Entre os tipos de ataques mais frequentes, Mansur destaca o uso de engenharia social para emitir certificados digitais falsos, permitindo que fraudadores acessem sistemas fiscais e bancários em nome das companhias. “Isso pode resultar em prejuízos financeiros significativos e até mesmo na manipulação de informações fiscais para criar créditos fictícios. Além disso, o uso de inteligência artificial por criminosos tem aumentado a sofisticação e o alcance dos golpes, dificultando a detecção e a prevenção”, explica.

Renato Mansur, diretor de canais digitais para PMEs do Itaú Empresa — Foto: Divulgação
Renato Mansur, diretor de canais digitais para PMEs do Itaú Empresa — Foto: Divulgação

As demandas por novas soluções de cibersegurança vêm sendo impulsionadas pela digitalização de operações realizadas por PMEs. O Itaú, por exemplo, registrou um recorde de pequenas e médias empresas utilizando os canais digitais do banco no ano passado, com 87% dos clientes acessando o internet banking e o app mensalmente. Hoje, 94% do chamado daily banking é realizado em meios online.

“Com o aumento das transações nos canais digitais dos bancos, estamos cada vez mais atuando na proteção dos nossos clientes por meio das novas funcionalidades, uso de dados e tecnologia de ponta. Continuaremos trabalhando constantemente para fortalecer nossos sistemas de segurança e conscientizar o empreendedor sobre as melhores práticas de prevenção e defesa”, explica Mansur.

A combinação entre a ascensão de movimentos de transformação digital e a escalada de crimes virtuais vem redefinindo o papel da cibersegurança na lista de prioridades de PMEs. Entre as principais abordagens de proteção, Mansur destaca o treinamento de equipes, os investimentos em tecnologia, a criação de diretrizes claras de gerenciamento de dados, além de planejamentos estruturados de gestão de riscos e contingências (saiba mais sobre esses itens no boxe abaixo).

As ações realizadas incluem a criação de um hub de segurança, integrado ao app do Itaú Empresas, que centraliza funcionalidades de iToken, autorização de dispositivos e reconhecimento facial. O aplicativo também passa a abrigar sistemas voltados para aumentar a transparência, o controle e a agilidade das transações financeiras. Duas funcionalidades piloto apoiarão o empresário a ter maior gestão sobre sua segurança no próprio app: o ajuste de limites, por exemplo, permite que o cliente altere diretamente o máximo de transferências para fornecedores e consulte o histórico de mudanças. O controle de acesso de dispositivos, por sua vez, auxilia na busca por logins dos usuários.

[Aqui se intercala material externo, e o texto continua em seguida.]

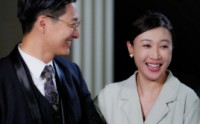 《新婚五十岁大叔全家爆宠我（65集）》温馨短剧一睹为快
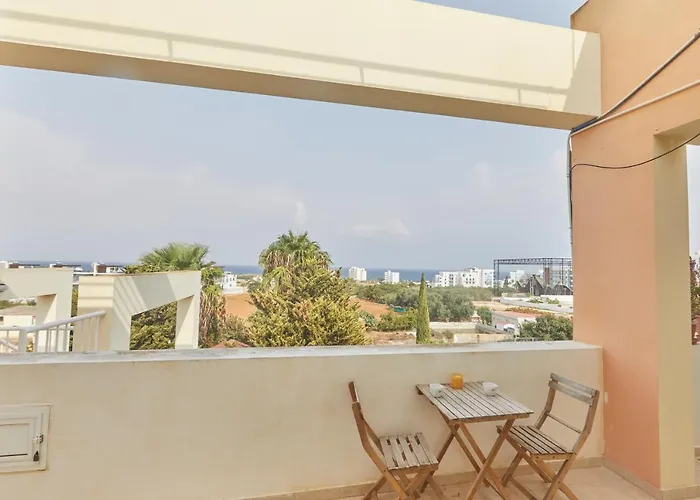 Spectacular Sea View, Private Jacuzzi & Table Pool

As funcionalidades fazem parte de uma estratégia geral baseada em três pilares: prevenção, com uso de tecnologias avançadas de autenticação e campanhas de educação e conscientização; detecção, incluindo a aplicação de soluções inteligentes de validação de transações; e remediação, a partir do apoio na recuperação de valores fraudados, políticas de ressarcimento adequadas e cooperação com ações de investigação e repressão.

Entre todas essas frentes de combate, o monitoramento das transações é feito em tempo real por 50 sistemas de inteligência artificial focados em segurança, que identificam padrões anômalos e bloqueiam ataques avançados. O portfólio de tecnologias também reúne plataformas de machine learning que auxiliam uma equipe dedicada à operação de segurança para clientes do banco.